Niemiecki dziennik pisze o spotkaniu Olafa Schoza z generalnym inspektorem Bundeswehry Eberhardem Zornem, do którego miało dojść w tym tygodniu. Według gazety, tematem ich rozmowy była propozycja stworzenia tarczy antyrakietowej.
"Niemiecki rząd myśli o zakupie izraelskiego systemu Arrow-3 nazywanego 'żelazną kopułą'" - czytamy. Tarcza miałaby zostać sfinansowana ze specjalnego funduszu na inwestycje i projekty zbrojeniowe o wartości 100 mld euro, który został utworzony po rosyjskiej agresji na Ukrainę. Koszt "żelaznej kopuły" wynosi dwa miliardy euro.
Ostateczna decyzja ws. zakupu tarczy jeszcze nie zapadła. Jak jednak podkreśla "Bild am Sonntag", inicjatywa ta ma poparcie największego spośród członków koalicji rządzącej, SPD. Zdaniem polityka tej partii, Andreasa Schwarza, taki zakup pozwoliłby Niemcom odgrywać kluczową rolę dla bezpieczeństwa Europy.

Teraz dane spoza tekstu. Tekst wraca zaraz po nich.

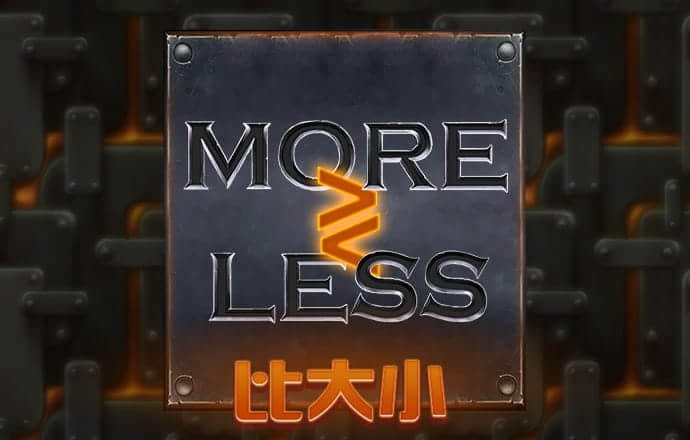 开yun体育官网APP下载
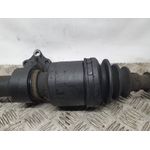 Transmision Delantera Derecha Para Mazda 6 Lim.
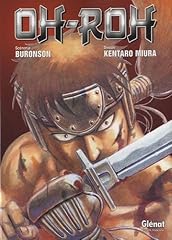 Roh d'occasion  Livré partout en Belgiqu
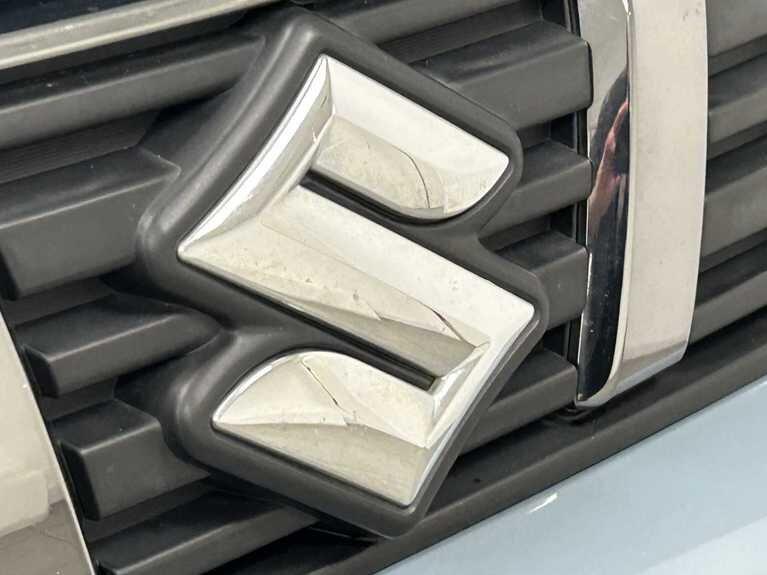 Used Suzuki Vitara 2021 for sale - 77598398: Photo 4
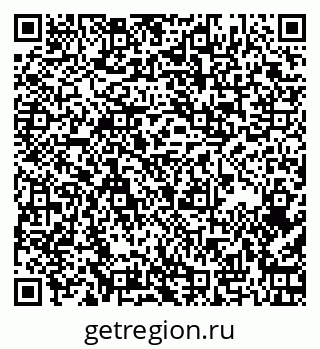 79265408208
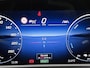 Mercedes-Benz E-klasse 300 e Business Solution AMG | Comfortpakket Plus | Nightpakket | Winterpakket | Trekhaak | Panoramaschuifdak | 19-inch vijfdubbelspaak AMG velgen | GUARD 360° | Warmtewerend, donkergetint glas |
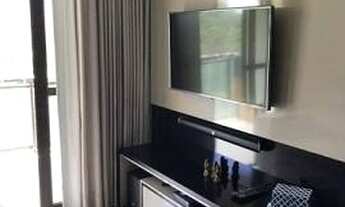 Imagem 2: Localização privilegiada, barra olímpica , próximo a comercios, bares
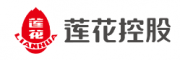 莲花控股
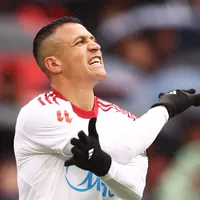 Prensa española le pone mala nota a Alexis y se burla de su juego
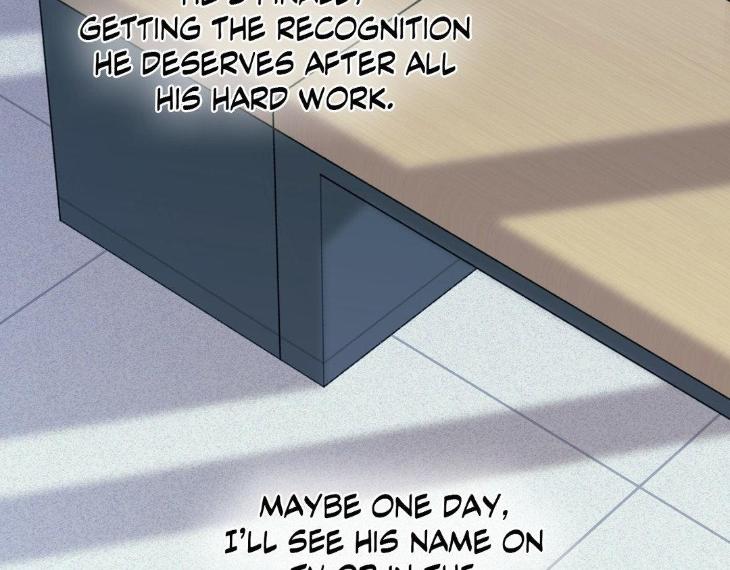 Miserable-In-Love-By-Chamji-Eng page 50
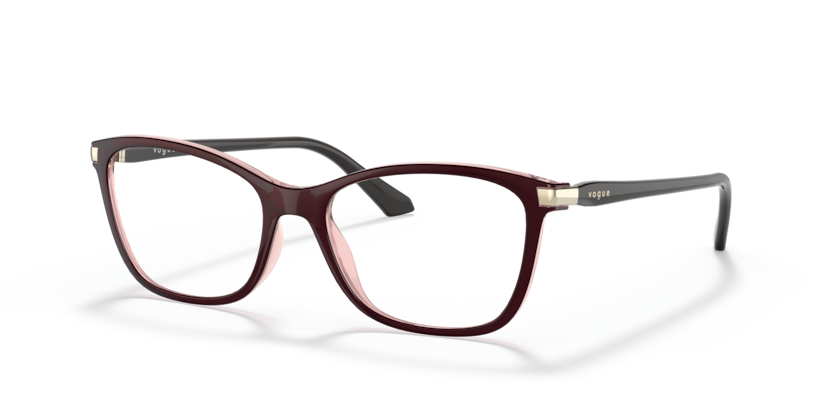 Vogue Eyewear VO5378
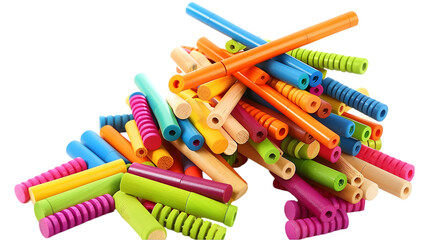 Kids Toys PNG for Playful Designs and Creative Projects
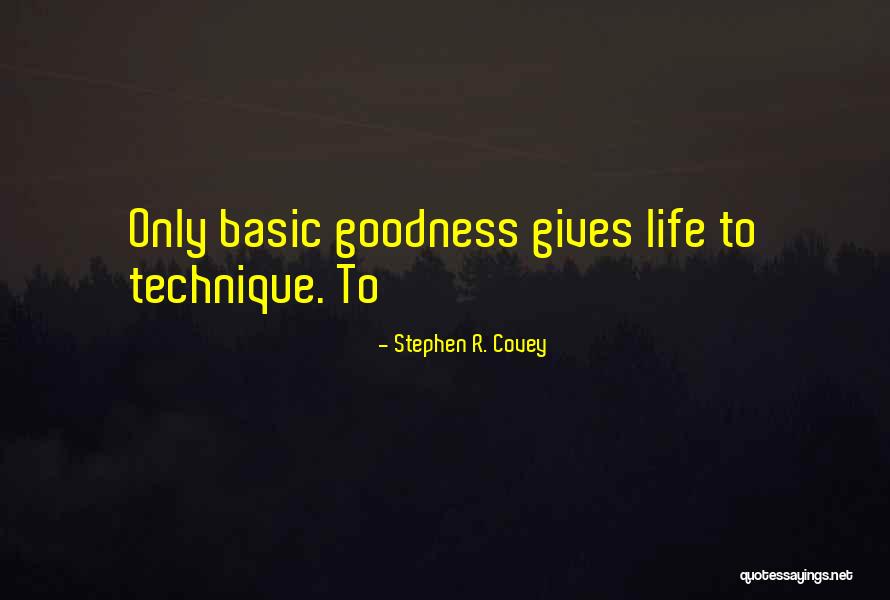 Smulligan Auto Quotes By Stephen R. Covey Smulligan Auto Quotes By Stephen R. Covey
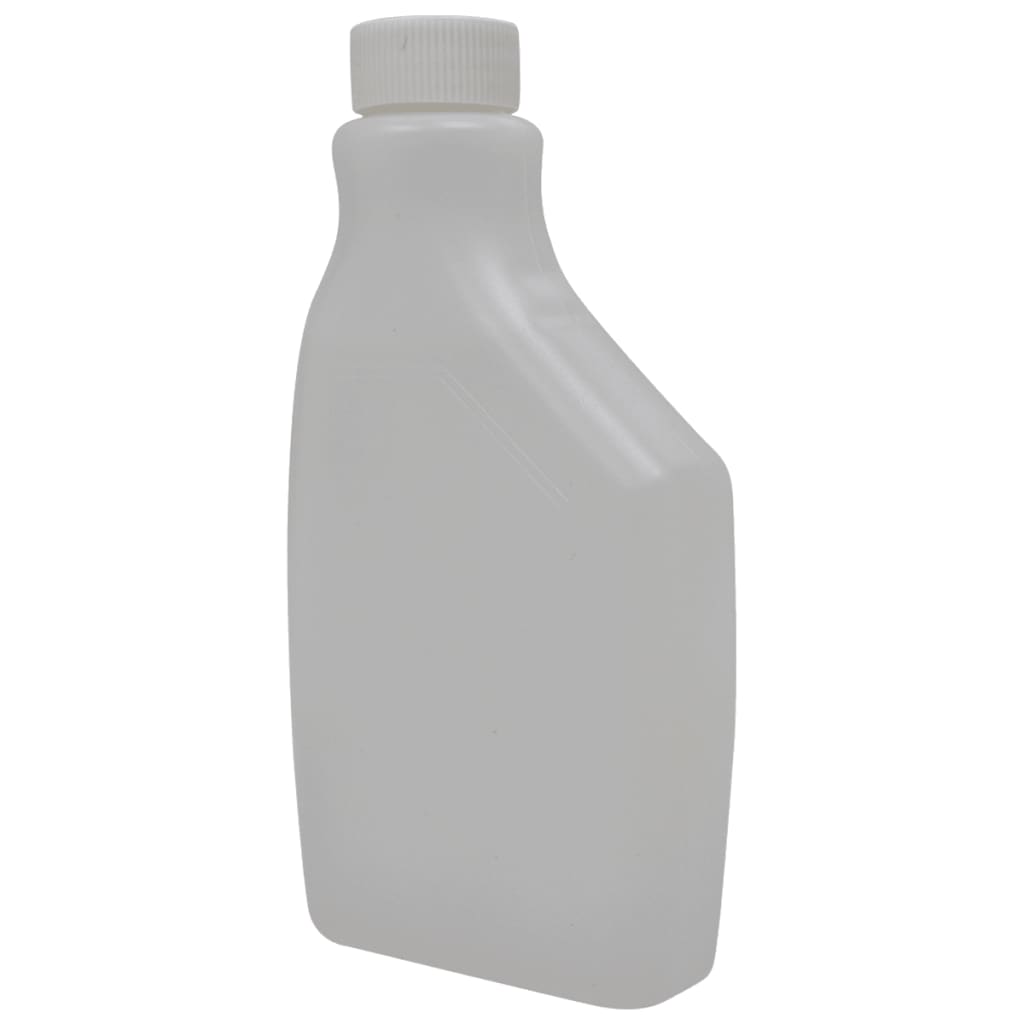

vidaXL Vacuümpomp 1-traps 50 L/min
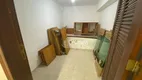 Foto 29 de Casa de Condomínio com 4 Quartos à venda, 300m² em Badu, Niterói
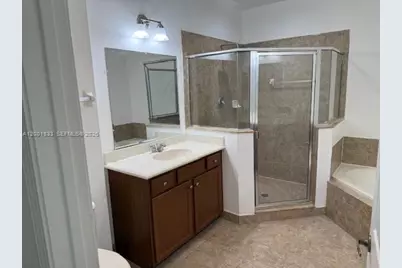 [Address not provided], Boynton Beach, FL 33426 - Photo 18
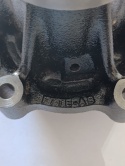 Pompa wody Ford Explorer Flex Taurus 4CBE8501AB 0006208242 31121-F7TE-AB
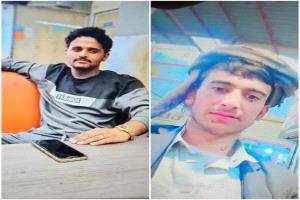 مأساة.. حمولة شاحنة تُنهي حياة ثلاثة مغتربين يمنيين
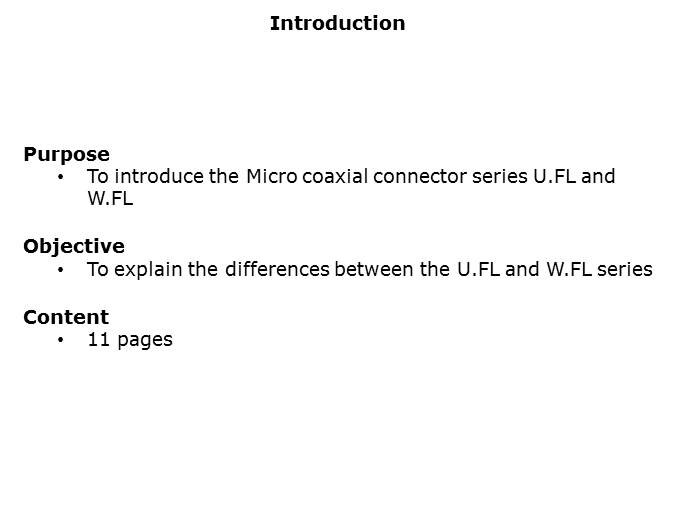 UFL-WFL-Slide1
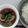 クックE4NZH1☆'s cooksnap of when they made 鶏だしつけ麺〜稲庭うどんバージョン〜.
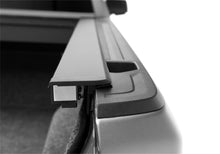 Load image into Gallery viewer, Roll N Lock LG223M M-Series-19-26 Silverado 1500/Sierra 1500; 5.8ft. for Select Chevrolet Silverado 1500, Chevrolet Silverado LTD, GMC Sierra 1500, GMC Sierra Limited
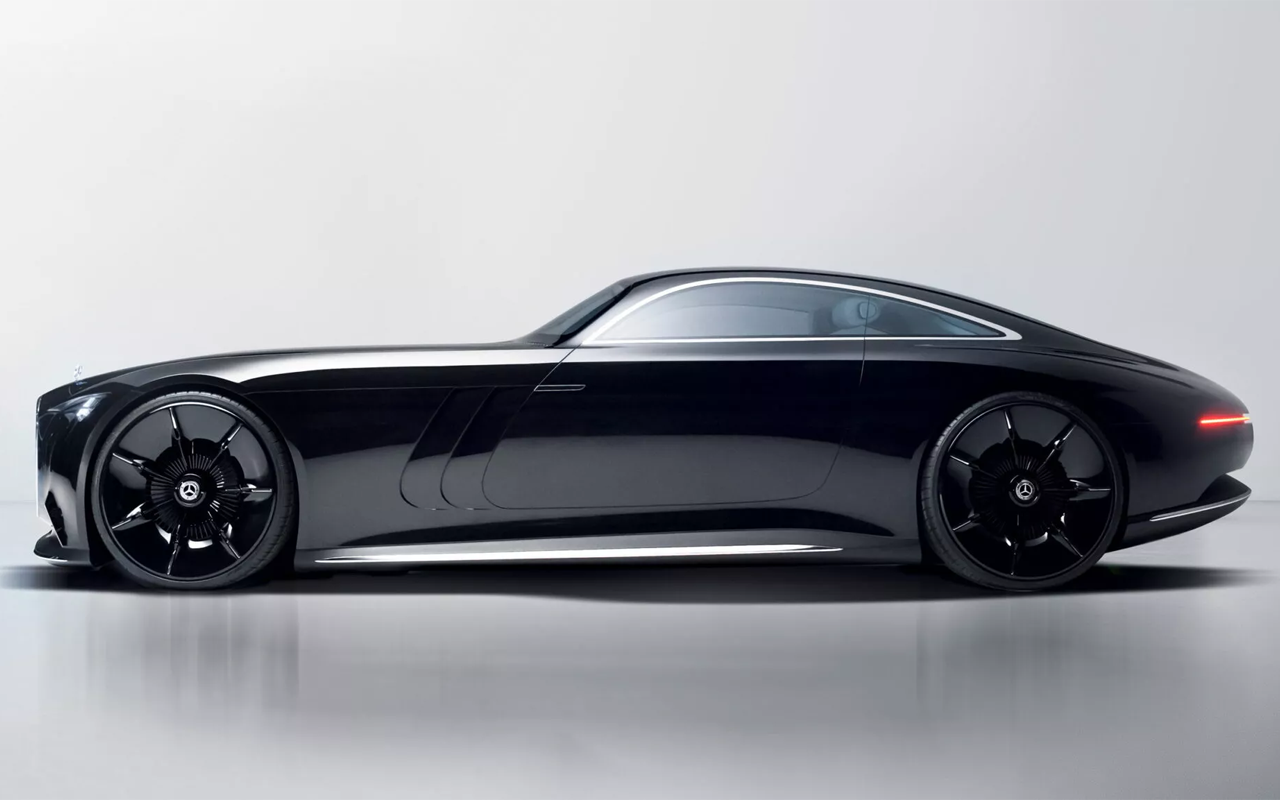 벤츠 아이코닉 2.png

Gazeta wskazuje, że składające się na izraelski system antyrakietowy radary są tak silne, że z ich ochrony mogłyby skorzystać także inne państwa. Wymieniono tu Polskę, Rumunię oraz Kraje Bałtyckie, które musiałyby zaopatrzyć się jedynie w rakiety Arrow-3.
Jeśli niemiecki rząd zdecyduje się na ten ruch, system mógłby być uruchomiony w 2025 roku.